Output the data below only from the line containing "tony stark leather jacket" up to and including the line containing "Cynthia Rowley Black Flats", exact and with the pictures left out.

Data section section start

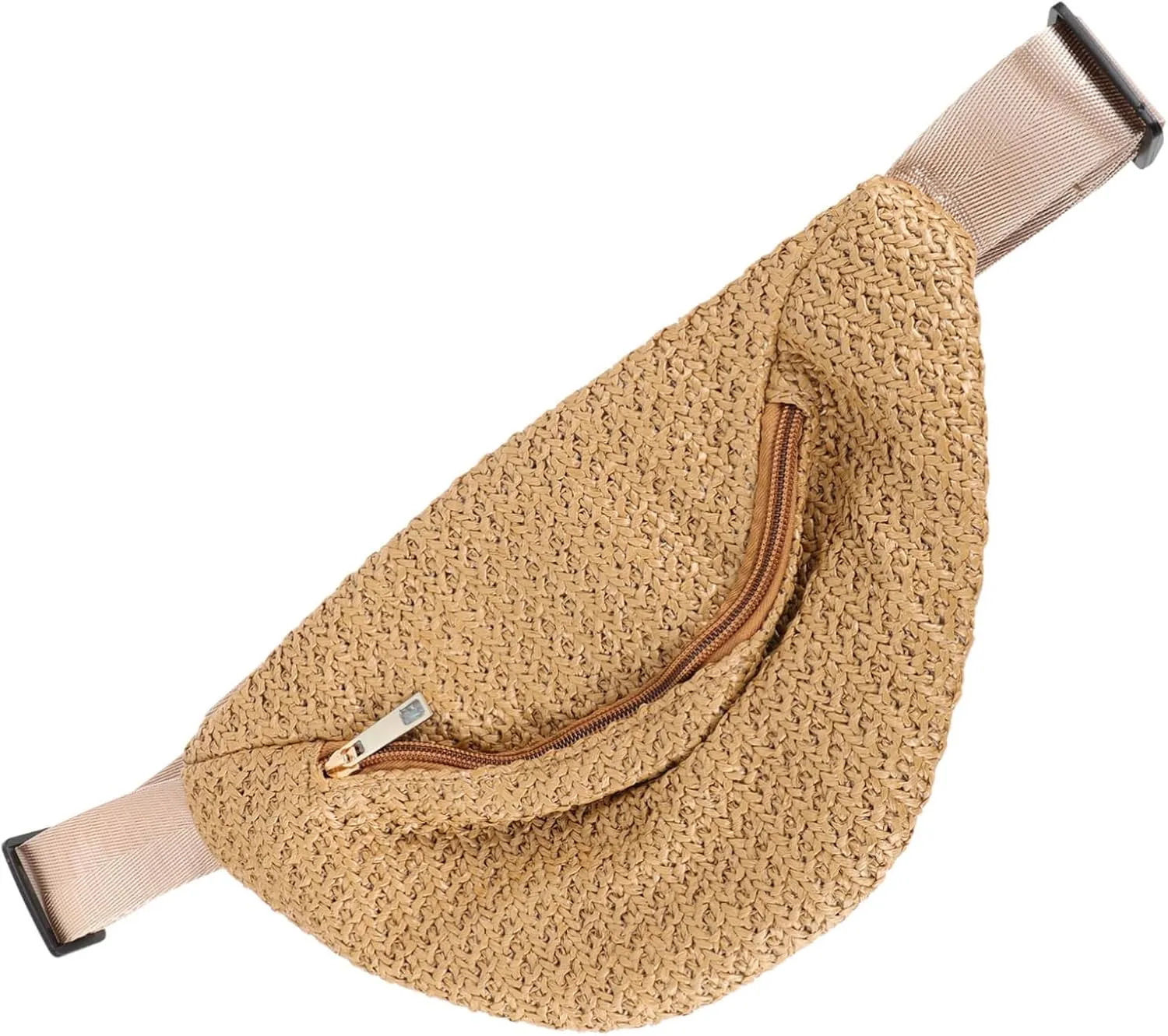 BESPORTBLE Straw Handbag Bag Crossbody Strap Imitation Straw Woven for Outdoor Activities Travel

Data section section end
Data section section start

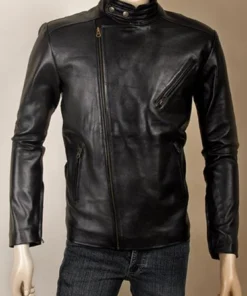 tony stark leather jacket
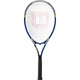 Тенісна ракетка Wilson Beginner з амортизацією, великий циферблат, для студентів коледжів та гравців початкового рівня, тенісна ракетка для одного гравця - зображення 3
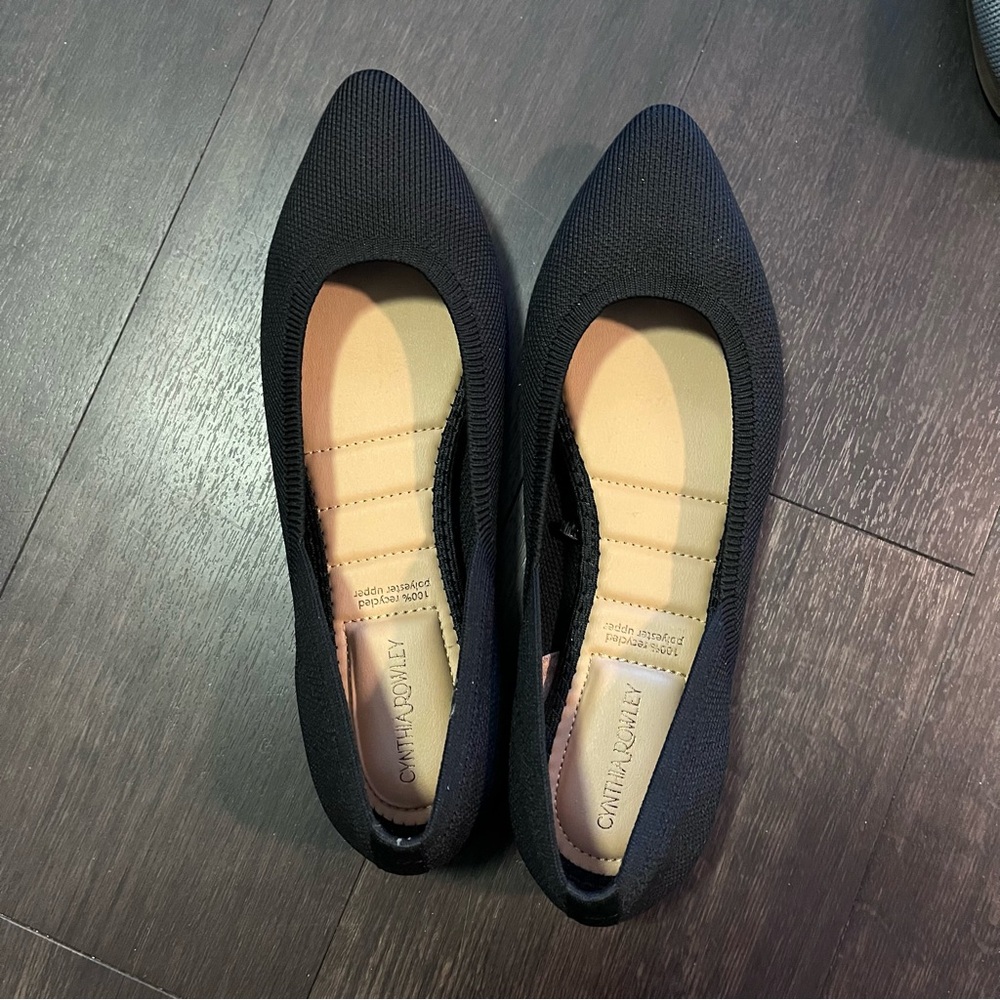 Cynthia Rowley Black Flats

Data section section end

## Result
 tony stark leather jacket
 Тенісна ракетка Wilson Beginner з амортизацією, великий циферблат, для студентів коледжів та гравців початкового рівня, тенісна ракетка для одного гравця - зображення 3
 Cynthia Rowley Black Flats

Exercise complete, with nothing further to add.